Red Bull driver Max Verstappen has received a flurry of criticism from the Formula One world, including legendary driver Niki Lauda who asked him to consult a psychiatrist after the teenage driver was involved in a three-car collision in last week's Belgian Grand Prix.
Although the Mercedes non-executive chairman described Verstappen as the 'talent of the century', he said the teenager needs to realise that his race was above the limits.
“Drivers mustn’t put each other in danger unnecessarily,” Lauda told German television after the race.
“He went way over the limit when he didn’t need to. The boy lacks the insight to see he has made a mistake.”
Lauda also told Luxembourg's RTL network: "Kimi's criticism was fully justified, and he (Max) needs a psychiatrist if he says it was Kimi's fault.
"The young man is a talent of the century, but if he has no understanding of doing something wrong, I'll talk to his father Jos and tell him to speak with his boy. It was well above the limit."
The 18-year-old tangled with both Ferraris at the start of the Belgium race before clashing with the cars later to make a disappointing 11th-place finish.
Ferrari's Kimi Raikkonen said that he was absolutely fine with hard racing, but insisted that what Verstappen had been doing during the race was not correct.

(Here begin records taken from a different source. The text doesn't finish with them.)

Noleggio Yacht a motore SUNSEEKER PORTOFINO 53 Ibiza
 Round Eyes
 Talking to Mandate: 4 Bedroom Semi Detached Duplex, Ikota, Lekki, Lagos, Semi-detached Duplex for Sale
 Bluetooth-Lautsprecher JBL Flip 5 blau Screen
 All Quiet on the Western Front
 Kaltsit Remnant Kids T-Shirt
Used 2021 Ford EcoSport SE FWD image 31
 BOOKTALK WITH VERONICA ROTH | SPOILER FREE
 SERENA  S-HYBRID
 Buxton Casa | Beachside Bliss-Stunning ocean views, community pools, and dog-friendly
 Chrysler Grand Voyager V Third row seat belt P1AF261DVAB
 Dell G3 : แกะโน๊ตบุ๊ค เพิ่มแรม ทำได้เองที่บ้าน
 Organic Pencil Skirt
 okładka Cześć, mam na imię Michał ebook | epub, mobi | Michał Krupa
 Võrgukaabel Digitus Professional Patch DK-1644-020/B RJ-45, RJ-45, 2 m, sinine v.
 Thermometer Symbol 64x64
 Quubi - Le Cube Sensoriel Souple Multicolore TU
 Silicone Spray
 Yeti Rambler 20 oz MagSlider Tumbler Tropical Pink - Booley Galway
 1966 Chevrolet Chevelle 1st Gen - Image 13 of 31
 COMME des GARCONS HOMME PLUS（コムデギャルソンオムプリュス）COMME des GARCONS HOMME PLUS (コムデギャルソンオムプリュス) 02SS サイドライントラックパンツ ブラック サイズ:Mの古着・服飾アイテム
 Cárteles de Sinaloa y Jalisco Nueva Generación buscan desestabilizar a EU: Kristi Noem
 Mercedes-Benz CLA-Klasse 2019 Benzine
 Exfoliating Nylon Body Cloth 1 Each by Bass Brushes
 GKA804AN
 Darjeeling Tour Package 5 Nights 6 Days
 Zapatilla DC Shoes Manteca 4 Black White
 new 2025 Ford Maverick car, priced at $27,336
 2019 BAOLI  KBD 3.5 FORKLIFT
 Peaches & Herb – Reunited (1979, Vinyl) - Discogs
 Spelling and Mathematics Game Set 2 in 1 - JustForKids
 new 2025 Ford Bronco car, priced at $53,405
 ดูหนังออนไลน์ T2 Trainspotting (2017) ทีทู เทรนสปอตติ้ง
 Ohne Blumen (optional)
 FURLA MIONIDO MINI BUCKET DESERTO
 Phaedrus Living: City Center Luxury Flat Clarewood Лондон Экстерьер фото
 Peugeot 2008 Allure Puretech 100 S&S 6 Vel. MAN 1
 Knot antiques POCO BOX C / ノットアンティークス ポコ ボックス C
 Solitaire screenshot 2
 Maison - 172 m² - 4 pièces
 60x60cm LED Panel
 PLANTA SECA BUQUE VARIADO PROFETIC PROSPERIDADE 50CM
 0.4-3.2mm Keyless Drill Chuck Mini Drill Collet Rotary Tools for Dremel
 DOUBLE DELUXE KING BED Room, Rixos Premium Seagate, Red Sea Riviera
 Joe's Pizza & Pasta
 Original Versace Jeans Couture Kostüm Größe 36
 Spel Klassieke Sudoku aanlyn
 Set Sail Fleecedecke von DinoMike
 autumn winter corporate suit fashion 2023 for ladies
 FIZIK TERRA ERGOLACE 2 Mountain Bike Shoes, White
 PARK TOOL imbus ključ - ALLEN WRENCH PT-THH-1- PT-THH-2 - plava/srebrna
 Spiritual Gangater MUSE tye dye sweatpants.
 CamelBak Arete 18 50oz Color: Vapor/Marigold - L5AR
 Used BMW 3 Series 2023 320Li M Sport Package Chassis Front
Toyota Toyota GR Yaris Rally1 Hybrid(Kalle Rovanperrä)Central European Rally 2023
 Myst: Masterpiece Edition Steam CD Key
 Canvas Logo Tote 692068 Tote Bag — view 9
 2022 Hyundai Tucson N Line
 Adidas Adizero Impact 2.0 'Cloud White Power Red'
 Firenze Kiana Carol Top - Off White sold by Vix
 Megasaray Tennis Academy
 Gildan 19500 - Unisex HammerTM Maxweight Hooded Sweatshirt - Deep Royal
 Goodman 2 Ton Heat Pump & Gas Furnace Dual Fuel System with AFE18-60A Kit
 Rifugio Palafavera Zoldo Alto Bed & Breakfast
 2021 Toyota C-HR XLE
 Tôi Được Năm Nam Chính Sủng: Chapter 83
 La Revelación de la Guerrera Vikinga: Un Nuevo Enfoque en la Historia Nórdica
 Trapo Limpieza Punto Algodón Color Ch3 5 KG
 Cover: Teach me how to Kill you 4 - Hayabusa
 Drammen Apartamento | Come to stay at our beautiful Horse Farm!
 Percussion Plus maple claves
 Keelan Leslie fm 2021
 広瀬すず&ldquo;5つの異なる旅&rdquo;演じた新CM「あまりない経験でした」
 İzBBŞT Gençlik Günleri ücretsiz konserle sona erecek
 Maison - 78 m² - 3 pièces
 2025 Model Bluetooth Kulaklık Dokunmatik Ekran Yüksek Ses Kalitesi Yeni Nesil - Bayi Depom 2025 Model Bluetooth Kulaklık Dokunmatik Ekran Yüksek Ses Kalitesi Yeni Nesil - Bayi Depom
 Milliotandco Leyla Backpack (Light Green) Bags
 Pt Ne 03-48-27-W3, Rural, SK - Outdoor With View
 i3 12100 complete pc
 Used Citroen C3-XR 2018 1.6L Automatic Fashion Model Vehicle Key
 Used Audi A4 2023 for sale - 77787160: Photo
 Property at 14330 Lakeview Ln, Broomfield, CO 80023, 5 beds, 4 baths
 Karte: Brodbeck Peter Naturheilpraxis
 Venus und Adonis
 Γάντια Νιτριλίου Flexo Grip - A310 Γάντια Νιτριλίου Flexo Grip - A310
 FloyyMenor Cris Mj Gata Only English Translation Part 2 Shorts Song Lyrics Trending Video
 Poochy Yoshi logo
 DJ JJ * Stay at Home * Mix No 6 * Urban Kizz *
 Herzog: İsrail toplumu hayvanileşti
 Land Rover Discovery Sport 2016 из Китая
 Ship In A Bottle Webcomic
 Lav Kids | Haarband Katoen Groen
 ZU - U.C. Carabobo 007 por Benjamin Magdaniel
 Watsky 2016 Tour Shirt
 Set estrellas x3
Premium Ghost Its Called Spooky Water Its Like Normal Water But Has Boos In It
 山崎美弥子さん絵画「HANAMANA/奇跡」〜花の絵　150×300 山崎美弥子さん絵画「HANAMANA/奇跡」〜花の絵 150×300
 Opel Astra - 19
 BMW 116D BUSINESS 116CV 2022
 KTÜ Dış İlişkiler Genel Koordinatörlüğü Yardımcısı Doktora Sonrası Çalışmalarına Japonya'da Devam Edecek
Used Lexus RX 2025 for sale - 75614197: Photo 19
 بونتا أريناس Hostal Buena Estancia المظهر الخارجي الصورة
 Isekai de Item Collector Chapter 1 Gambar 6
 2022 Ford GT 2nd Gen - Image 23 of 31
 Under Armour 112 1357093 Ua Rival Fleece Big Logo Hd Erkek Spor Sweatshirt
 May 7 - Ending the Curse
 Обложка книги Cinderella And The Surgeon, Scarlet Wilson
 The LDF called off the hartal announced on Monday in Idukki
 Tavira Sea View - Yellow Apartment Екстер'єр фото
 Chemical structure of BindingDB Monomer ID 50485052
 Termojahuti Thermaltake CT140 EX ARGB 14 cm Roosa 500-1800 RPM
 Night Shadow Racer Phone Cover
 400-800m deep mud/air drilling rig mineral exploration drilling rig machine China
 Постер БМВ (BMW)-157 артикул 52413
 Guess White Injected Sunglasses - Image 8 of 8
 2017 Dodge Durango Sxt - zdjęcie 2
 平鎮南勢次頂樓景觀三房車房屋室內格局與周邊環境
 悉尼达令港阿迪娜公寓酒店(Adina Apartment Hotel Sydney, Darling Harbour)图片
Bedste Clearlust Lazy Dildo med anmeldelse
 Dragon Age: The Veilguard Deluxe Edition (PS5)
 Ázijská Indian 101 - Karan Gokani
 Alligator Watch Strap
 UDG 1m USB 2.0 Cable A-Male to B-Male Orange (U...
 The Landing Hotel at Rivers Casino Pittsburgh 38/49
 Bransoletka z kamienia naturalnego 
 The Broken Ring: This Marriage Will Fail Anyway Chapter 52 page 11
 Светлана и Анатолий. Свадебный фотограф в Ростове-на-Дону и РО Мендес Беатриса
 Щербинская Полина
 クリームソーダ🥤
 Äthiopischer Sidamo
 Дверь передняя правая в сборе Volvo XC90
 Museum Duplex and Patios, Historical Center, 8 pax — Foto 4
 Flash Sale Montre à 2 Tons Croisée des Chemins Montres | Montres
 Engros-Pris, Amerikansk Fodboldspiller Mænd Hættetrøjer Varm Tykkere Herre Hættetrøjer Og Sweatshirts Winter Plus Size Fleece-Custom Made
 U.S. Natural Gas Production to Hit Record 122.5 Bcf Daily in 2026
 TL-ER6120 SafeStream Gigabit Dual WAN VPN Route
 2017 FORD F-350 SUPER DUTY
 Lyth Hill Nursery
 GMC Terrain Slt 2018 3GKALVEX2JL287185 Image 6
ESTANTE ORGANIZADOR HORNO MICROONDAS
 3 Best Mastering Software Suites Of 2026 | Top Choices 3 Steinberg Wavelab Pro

Verstappen was leapfrogged by Raikkonen and Sebastian Vettel off the line but attempted to make the places up on a tight first corner only for the three cars to collide.
"I think it was a very bold move trying to recover those two places in one corner diving down the inside," said German Vettel who was on the outside and collided with Raikkonen before the Finn and Verstappen's Red Bull made contact.
All three were forced to pit with damage to their cars, Raikkonen nearly losing a lap as mechanics rushed to extinguish flames emerging from beneath his Ferrari.
Raikkonen and Verstappen clashed twice more later in the race, including another collision, and the Finn was more upset about the Red Bull driver changing direction at high-speed as he chased him down the flat-out Kemmel straight.
"If I would not have braked we would have had a massive accident," said Raikkonen who criticised Verstappen over the radio during the race.
"I'm sure it will happen sooner or later if this doesn't change."
Vettel also admitted that the criticism against the Red Bull driver was justified while requesting everyone to not make it into a big issue.
The four-time world champion, however, said that some of Verstappen's manoeuvres especially during braking were not correct.
Mercedes boss Toto Wolff also could not stop himself commenting on the teenage driver.
He said that he was fond of Verstappen's aggression, comparing the impression that Verstappen was leaving on his rivals as `reminiscent of Hamilton or Ayrton Senna`.
However, Wolff added that Verstappen needs to undergo a driver briefing at Monza as he is equally a dangerous driver as well.
On the other hand, Red Bull chief Christian Horner came in defence of his driver, saying that Verstappen might have gone to the limit, but the stewards saw no reason to initiate an investigation against him.
Verstappen has impressed with his racecraft and overtaking skills but his driving has at times been called a bit too aggressive, especially in last month's Hungarian Grand Prix where he also clashed with Raikkonen.
"I'm just defending my position and if somebody doesn't like it, it's his own problem," added Verstappen who was fastest on the opening day of practice.